Today, and in coming days, I'll dash quickly through a host of things, in a vain attempt to catch up with a thousand observations while also being buried in work projects. In other words, it's time now to come up for air.

The 'Knowing Machine.' Neil Gabler, an astute social observer who has written a number of interesting books, outdid even himself with a bit of counterintuitive writing a week ago in "If Marshall McLuhan was wrong, as I believe he was, and technology does not determine culture so much as culture determines technology, then the Internet might be regarded as a knowing machine designed expressly to satisfy the ever-growing community of individuals who need to know in order to empower themselves." Amen to that. Of course, Google is increasingly coming to be the central nervous system of that knowing machine. Which leads to sentiments such as those encapsulated in this site. It reminded me of something my boy Patrick once said in frustration after I had apparently suggested one time too many that he check Google to find the answer to some question or another: "Dad, you're obsessed with Google."

Seminal Lewis-Pogue Rift Goes National. A couple of years ago, in a long and eye-opening piece on the front page of the Sunday Plain Dealer, one of the paper's few real sources of brilliance, Steve Litt, wrote perhaps the most illuminating piece ever about Peter B. Lewis and the real sources of his anger about Cleveland. In that piece, for the first time, we learned that one of the keys to his anger, almost his Rosebud if you will, stemmed from once being arrogantly dismissed by the icily uber-arrogant Dick Pogue. The story got tongues wagging. This month, that story got retold in the national press, in this smart piece on billionaires and how they're remaking U.S. cities. Governing Magazine is widely read in government and policy wonk circles. The June issue of the magazine also has an interesting column (not online, it's pg. 20 if you want to find it at the library) on the backlash over Richard Florida's simplistic ideas about building municipal economic development through catering to the latte crowd. Says columnist Alan Greenblatt: "Florida now gets mocked and trivialized for promoting bike paths, gays and rock bands as economic development tools. 'Everyone thinks they can build a handful of cappucino places and life will be grand,'" says the mayor of Madison, Wisconsin. Interesting enough, that is a truly cool city, in large part because of rich intellectual traditions flowing from the University of Wisconsin. Anyway, I recommend it all.

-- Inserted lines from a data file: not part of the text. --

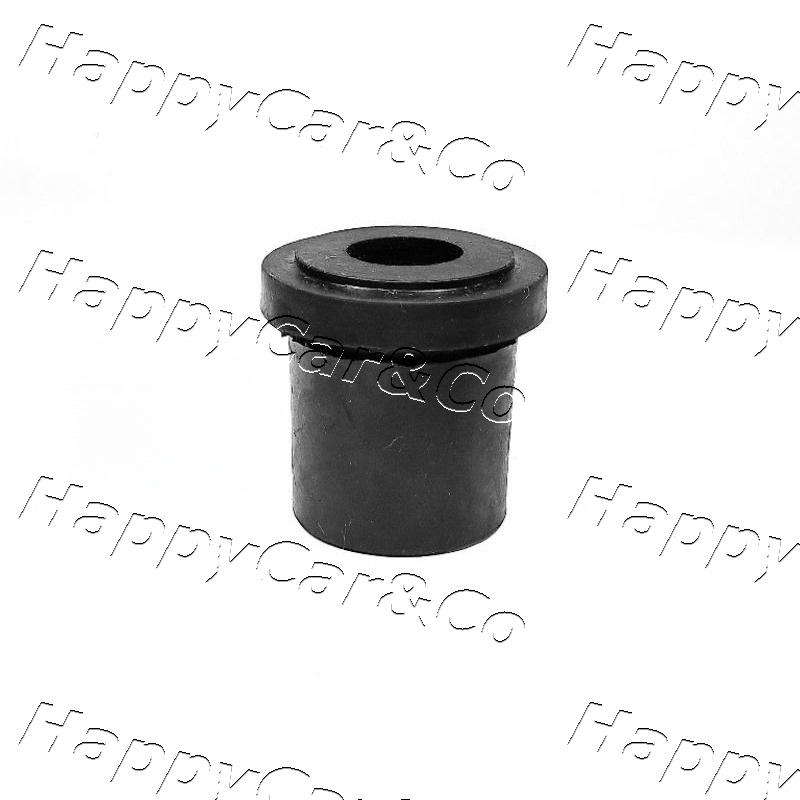 Karet Bushing Anting Per Daun Jeep Hardtop 2F - Bahan Berkualitas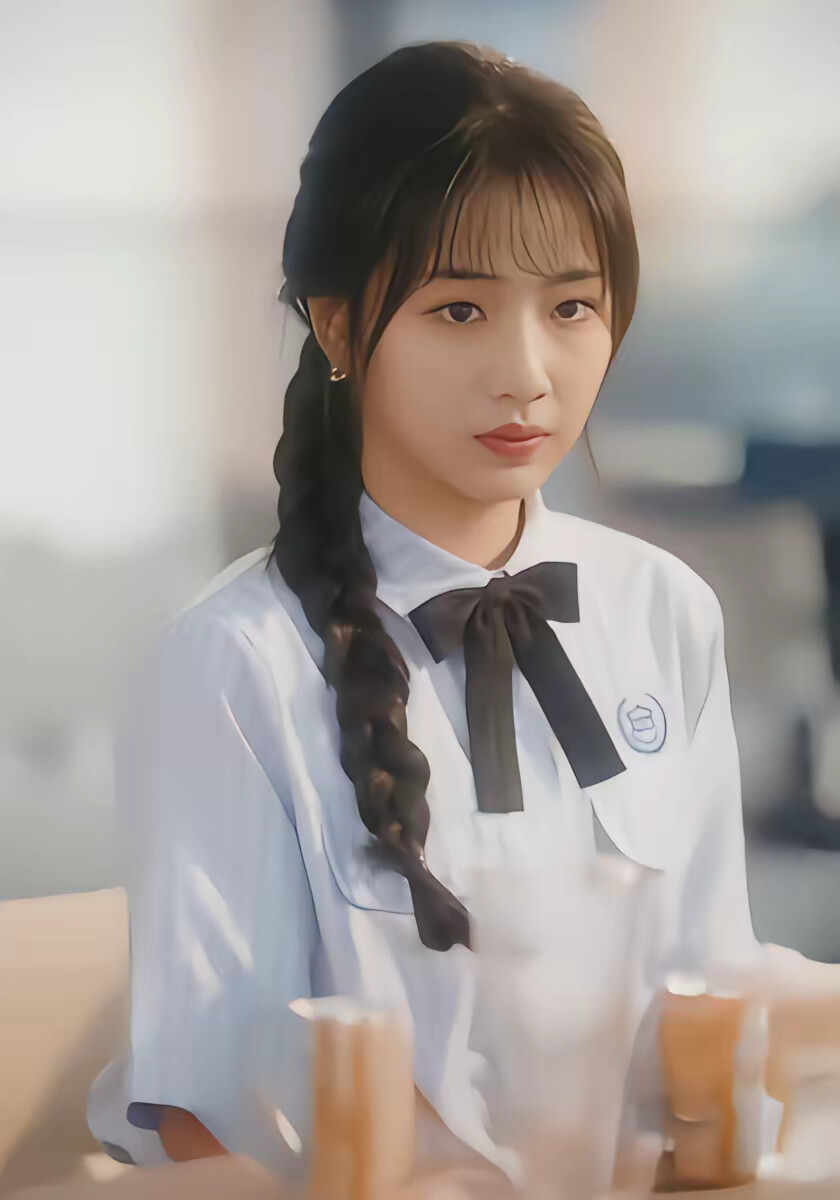 《猝不及防的相拥》剧照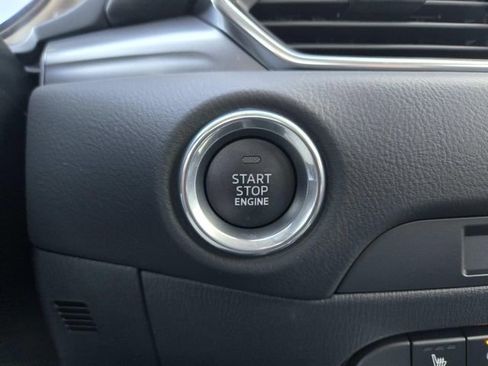 New 2025 MAZDA CX-5 AWD 2.5 S w/ Select Package image 24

Neocons Headed for the Ash Heap of History? The Atlantic Monthly's Jack Beatty, for years a consistent beacon of common sense and solid writing through all the magazine's changes, sensibly begins a recent column by taking Iraq war architect Paul Wolfowitz to task for being off by 30% in the estimate he gave Congress of the number of American's killed in the war. And then he goes on to make an even more interesting assertion: "After Iraq, 'neo-conservative' may achieve the resonance of 'isolationist' after World War II--a term of opprobrium for a discredited approach to foreign policy, shorthand for dangerous innocence about world realities." We can only hope so, Jack. But then the spineless media is often easily cowed.

And Finally, we bid the late, great Ray Charles his much-deserved rest. The man was so sweet, his music so singularly moving as to constitute its maker a true American original. And yet like every original, like every high achiever, he had to overcome seemingly impossible odds. My friends are only too aware these days of my growing impatience for whining and complaining of all stripes. And Ray Charles is a perfect reminder of why: he merely had to overcome bone-crushing poverty, a heroine addiction and blindness at an early age. So what the hell kinds of valid excuses do most of us have not to achieve? In an old interview with Tavis Smiley (replayed today on NPR), he reminds us of the love and humility from which his greatness sprang. He talked about being awed at his age that 25,000 people would still show up to hear him in concert. "I love my fans because they love me." And in the end, sweet Ray, love is what's it's all about, isn't it? We surely love you.